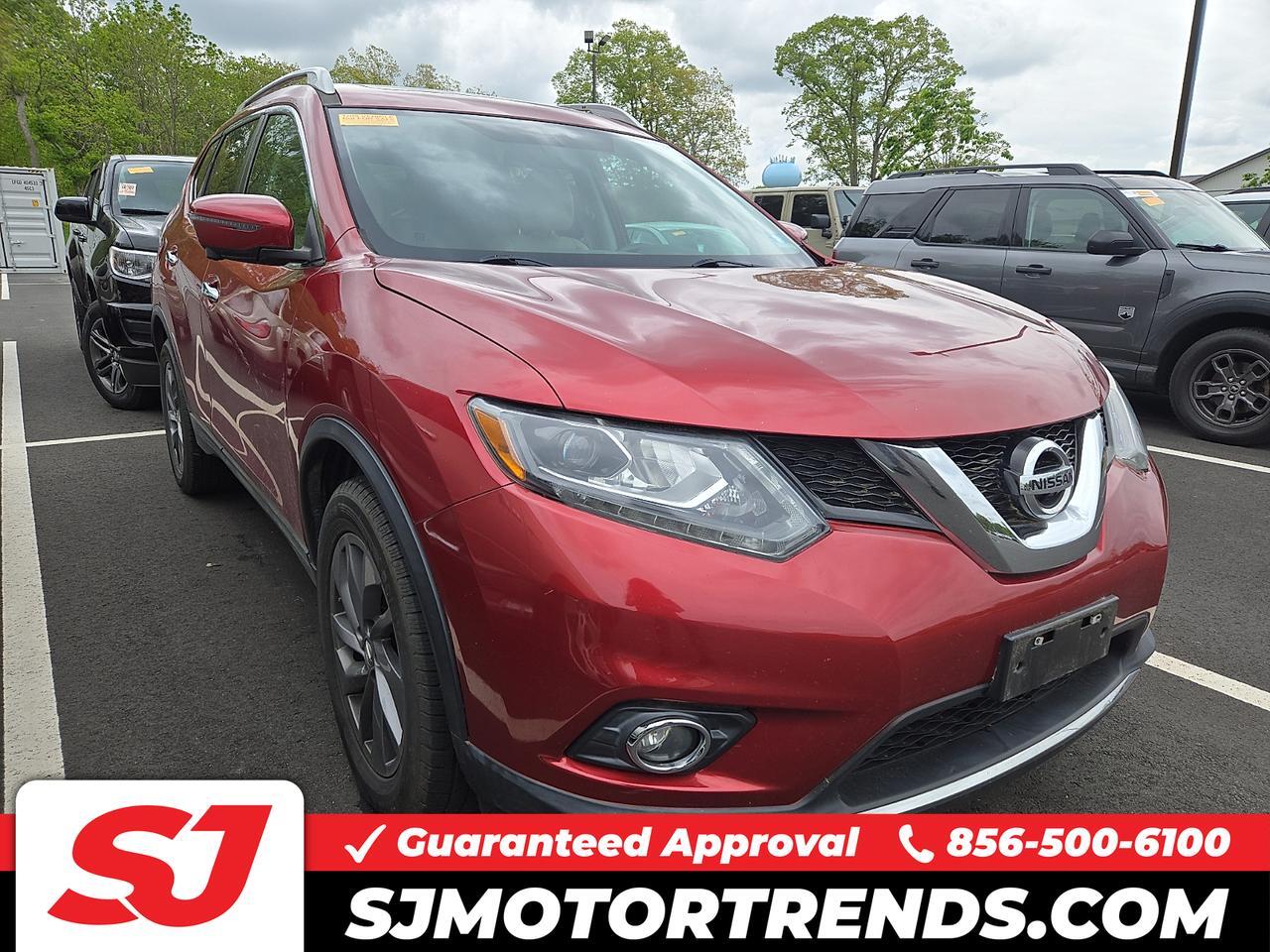 2016 Nissan Rogue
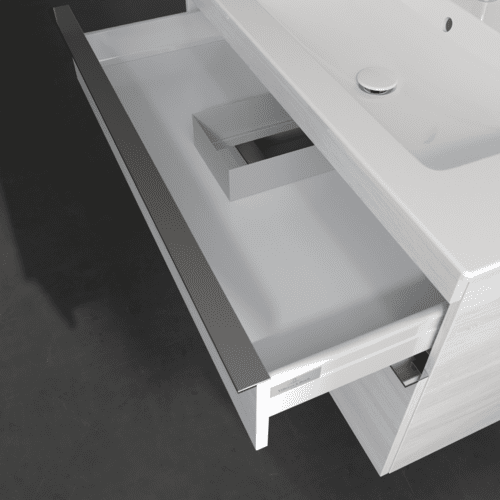 Obrázek VILLEROY BOCH Venticello toaletní stolek, 2 zásuvky, 953 x 590 x 502 mm, Bílé dřevo / Bílé dřevo #A92601E8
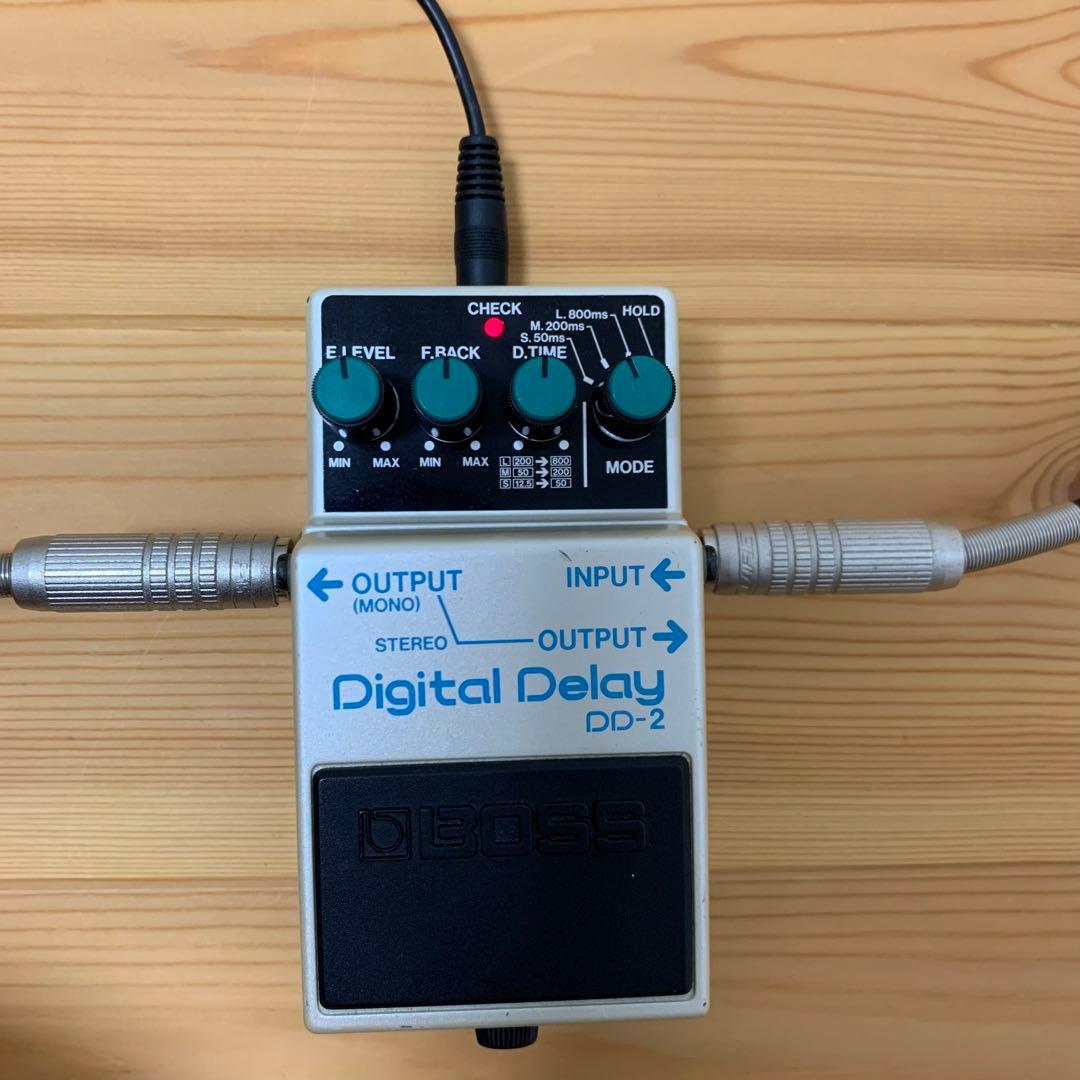 ギター BOSS Digital Delay DD-2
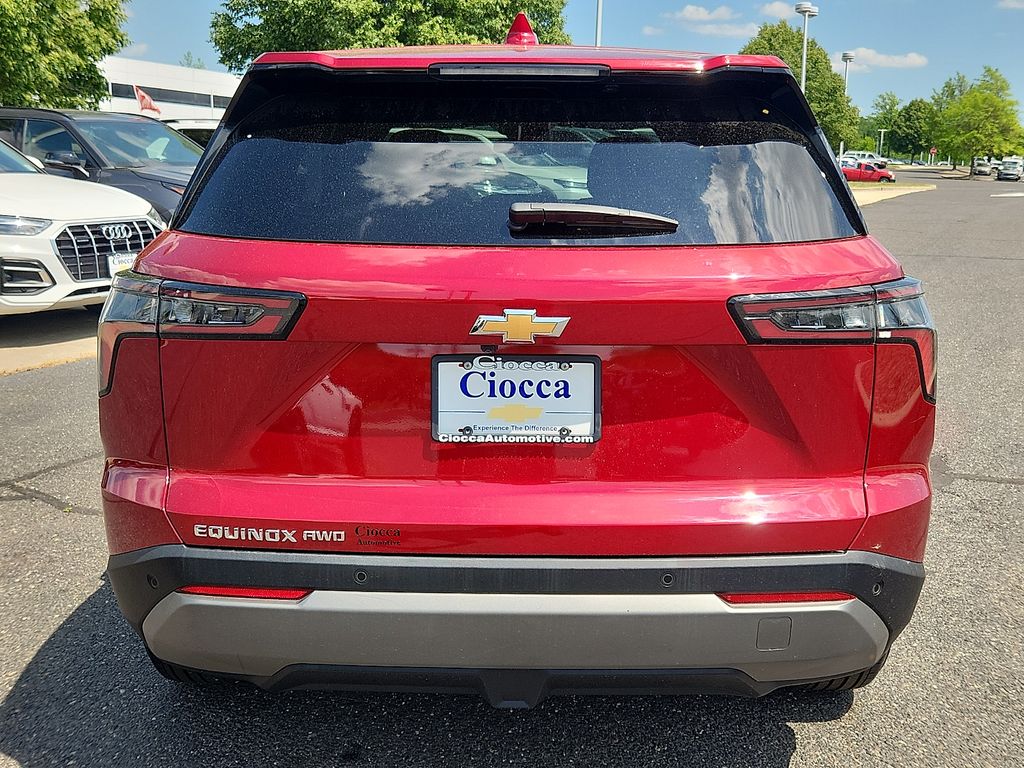used 2026 Chevrolet Equinox car, priced at $32,794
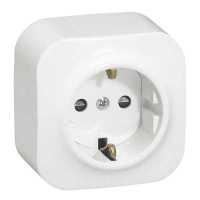 розетка силовая Legrand Quteo 782220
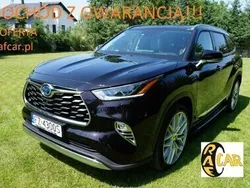 Brązowy Używany 2022 Toyota Highlander SUV | 219 999 zł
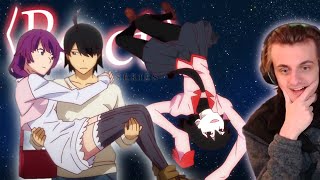 Ougi Space Program  Owarimonogatari 2x4 Hitagi Rendezvous  React Andy [upl. by Eifos]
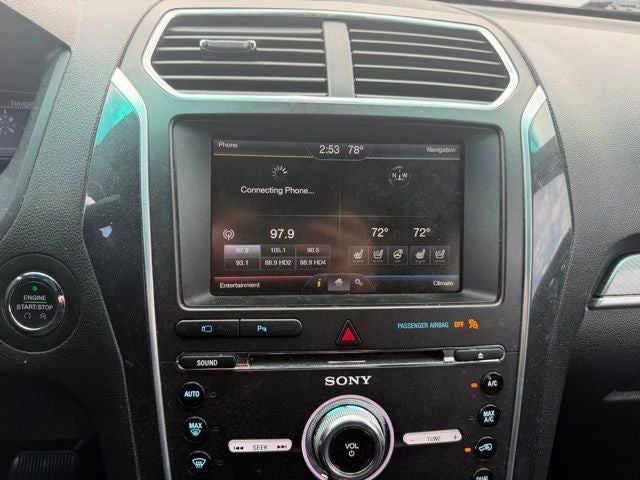 2016 Ford Explorer Sport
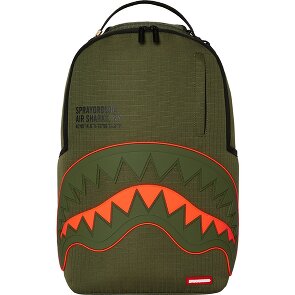 Sprayground Shark Central Army Daypack 45.5 cm Laptopfach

━━━━

Could you set down word for word each line from the one holding "розетка силовая Legrand Quteo 782220" through the end of the material above, without any pictures?

- Response area -
 розетка силовая Legrand Quteo 782220
 Brązowy Używany 2022 Toyota Highlander SUV | 219 999 zł
 Ougi Space Program  Owarimonogatari 2x4 Hitagi Rendezvous  React Andy [upl. by Eifos]
 2016 Ford Explorer Sport
 Sprayground Shark Central Army Daypack 45.5 cm Laptopfach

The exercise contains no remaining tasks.